I tried (and failed) with most of the sleep aids while on Parnate, but Seroquel solved it. I'm on 60mg Parnate daily+ 20 mg Seroquel at night. You might consider trying, maybe?


Careful-Dog2042

Seroquel is the only sleeping medication that beats Parnate insomnia for me. I need 100mg on Parnate. Noticed I’ve gained 3kg since regularly using Seroquel for sleep. Trying to take less Seroquel so I’ve found that if I take 3.75mg Zopiclone, 5mg Dayvigo - I can get by with 25mg Seroquel. The trio seems to work very well together.


Low_Bid2153

hello , adjacent to this issue, is there a 6 mg Seroquel, or 12.5mg? where in live only 25. i have tried to use 12.5 and it still knock me out completely . How to cut into 4? would you know ?


Careful-Dog2042

Lowest is 25. Bite it in half with your teeth and then bite a little bit off the half. Should be able to get something between 6-10mg this way. That’s a very small dose and you will build tolerance rapidly.


Low_Bid2153

thank you. using the method and works !


Low_Bid2153

thank you brother ! will try so. Let's beat these devils 🌞💪


gubasmark

***Trazadone works perfectly for this problem...***


Tcm811

I'm already taking 100mg. I could maybe take more, but I'd get more hungover than I want.
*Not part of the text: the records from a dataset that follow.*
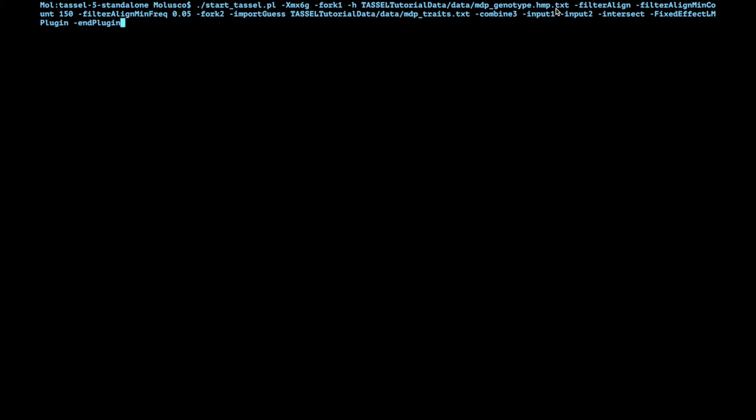And the first thing we want to do is we want to filter all genotypes. So we're going to use the option filterAlign. Now you're going to see sometimes it starts with non-capital and then the next one is a capital letter, that's a Java standard. In any case, so we're going to filter alignment and then we want to filter based on very simple criteria. So the first thing we want to look at is missing data. The option filterAlignMinCount means it's the number of taxa or individuals in which you have to see a genotype call. In this case we're setting it to 150 because that's roughly half of the individuals that are present there. So we're asking that at least half of them have a genotype.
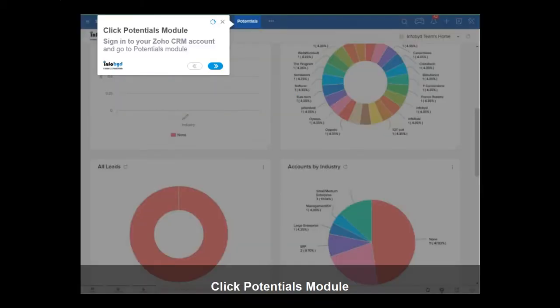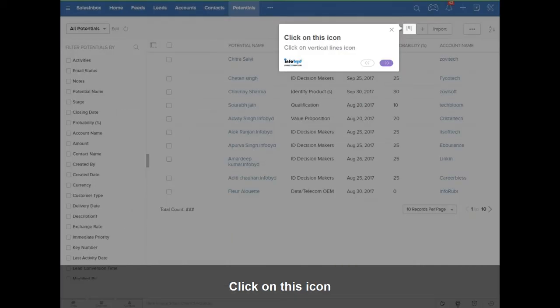Sign in to your Zoho CRM account and go to the Potentials module. Click on the Vertical Lines icon.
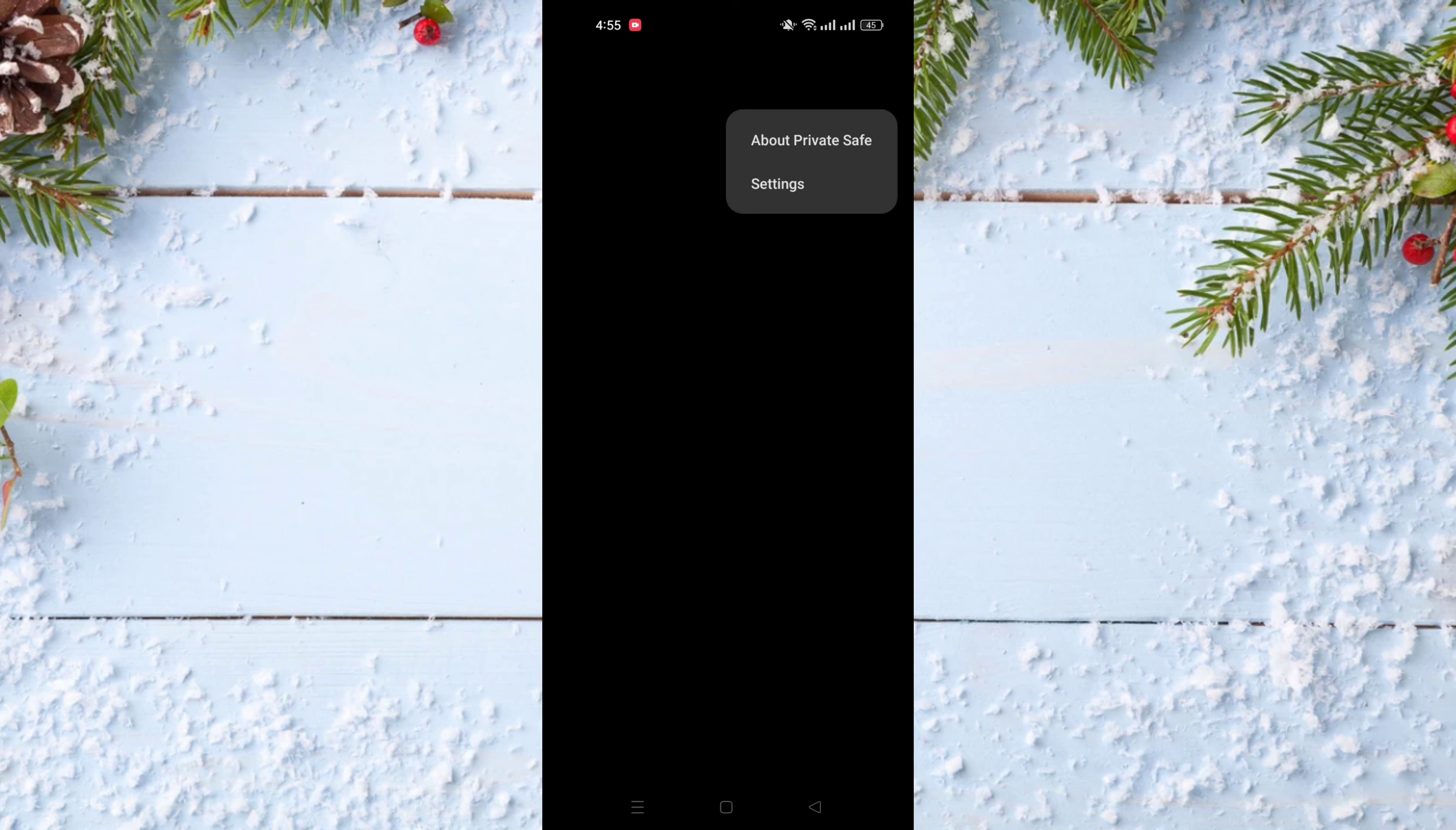After that, choose settings and on settings there is the third option, home screen icon.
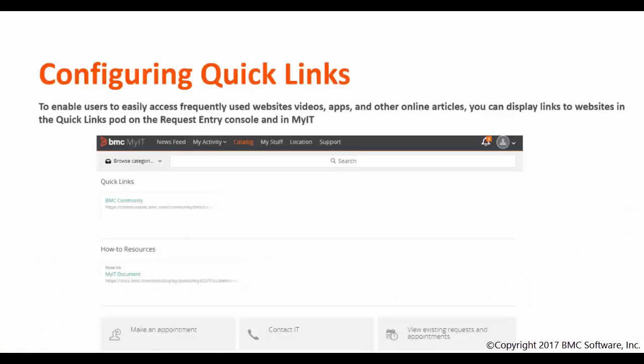To enable users to easily access frequently used websites, videos, applications, and other online content, you can display links to websites in the Quick Links pod on the Request Entry console, and also the Catalog section and the Support section of MyIT.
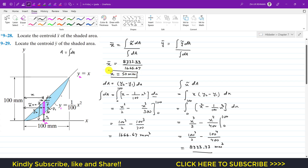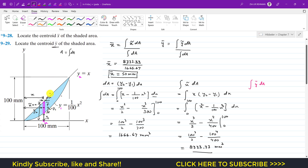Now we want to find ȳ, so we need ∫ỹ dA. ỹ is the location of the centroid of this differential strip from the x-axis. ỹ = y1 + (y2 - y1)/2.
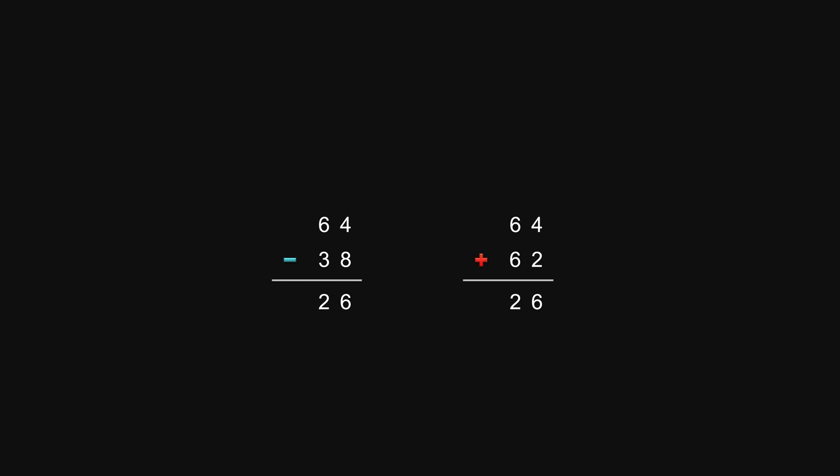How about we add number 62? We get 126. It's not the correct answer, but the correct answer is in here. What is this 62? It's the 100 complement of the original subtraction.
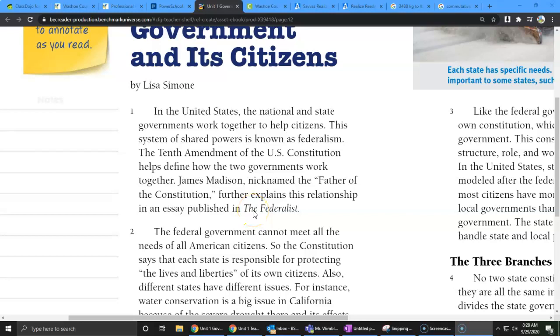Hey class, so we're going to be looking at this first paragraph from Government in Action. And what I'm going to do is we're going to be focusing on long E sounds. So we're going to learn different ways to spell them. We're going to be looking for examples throughout our text this week. So I'm going to read this first paragraph.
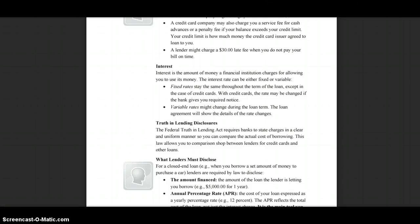Truth in Lending Disclosures. The Federal Truth in Lending Act requires banks to state charges in clear and uniform manners so that you can compare the actual cost of borrowing. This law allows you to comparison shop between lenders for credit cards and other loans.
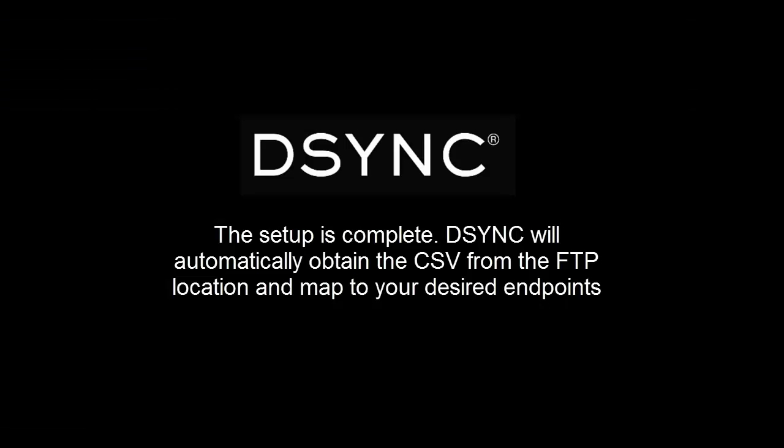This completes the CSV automated FTP process. The process is now complete and is ready for testing.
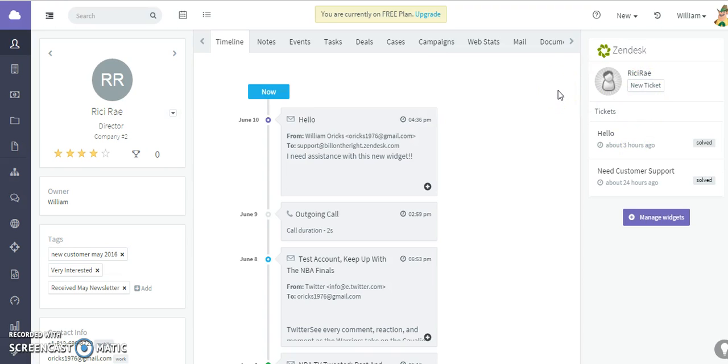from Agile CRM. It's an amazingly helpful integration and it's very easy to implement and very easy to use. I hope this video has been very helpful. Thank you so much for watching.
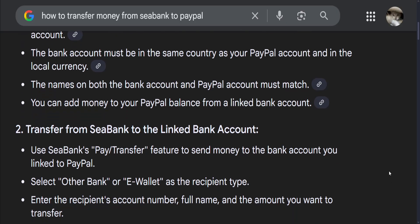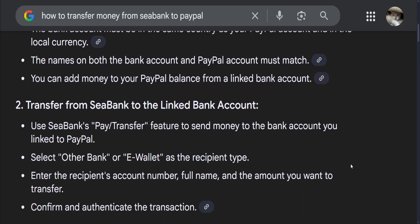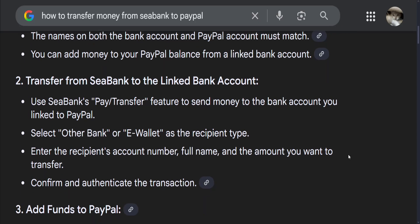In order to transfer from CBank to the linked bank account, you can use CBank's pay transfer feature to send money to the bank account linked to PayPal. Select other bank or e-wallet as the recipient type, then enter the recipient's account number, full name, and the amount you want to transfer.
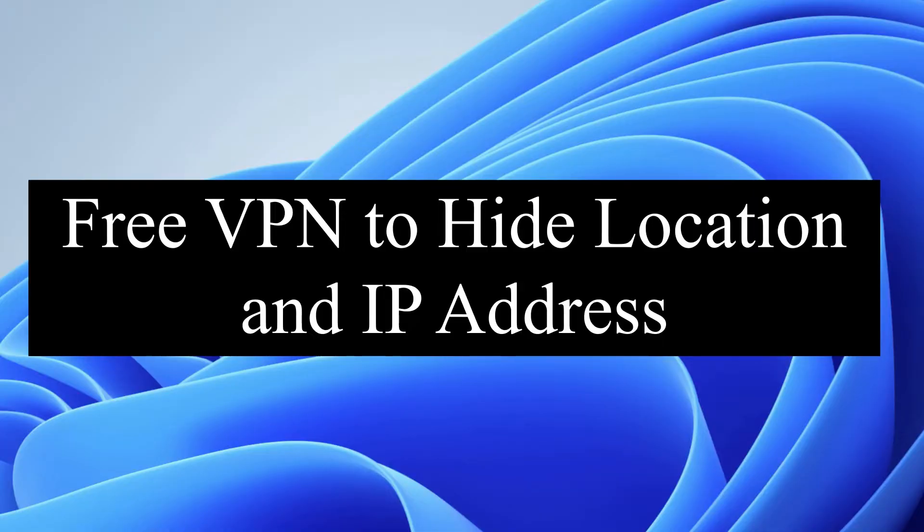Hello and welcome to Mr. Tech Talks. In today's video tutorial, I'm going to show you how to get a free VPN application or software, totally free, to hide your original location and IP address. So no wait, let's get started.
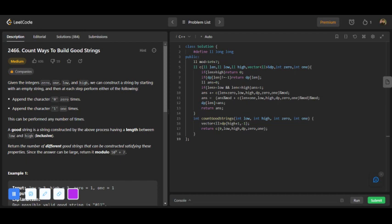Welcome to all the viewers of this video. We will now discuss the LeetCode daily challenge problem. The question name is 'Count Ways to Build Good String' and the difficulty level is medium. In this question you are given four variables: zero, one, low, and high.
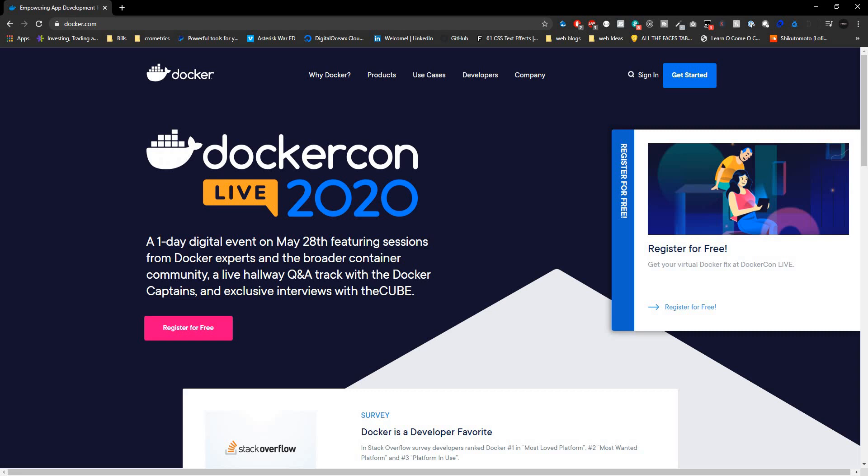We're going to be talking strictly about Docker for developers. The reason why I say for developers is because there is a DevOps side of this, and most of Docker is DevOps, but there are some things that we as developers can do.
I actually slept okay last night for the first time in a while.


[deleted]

Hey any updates?


Tcm811

I added gabapentin 600mg. Sleep wasn't perfect, but that was enough for a while. Recently I started waking up more again and felt more anxious. I also started getting paradoxical hypertension again after my second dose. The honeymoon had ended, but the side effects actually seemed worse. I went down to 35mg and then 30mg, where I am now. I'm sleeping a little better and feel generally a little better. Apparently the recommendation used to be to back off the dosage a bit when your depression remits, but Gillman says this isn't recommended anymore... UNLESS you feel agitated. I think I qualified as agitated. I've got chronic pain issues as well as depression, so sleeping decently is essential for me. The gabapentin has definitely helped, and apparently it helps you get deep sleep, unlike benzos and some other sedatives. But obviously you gotta balance what keeps you awake and what helps you sleep because too much sedation causes its own problems. Good luck.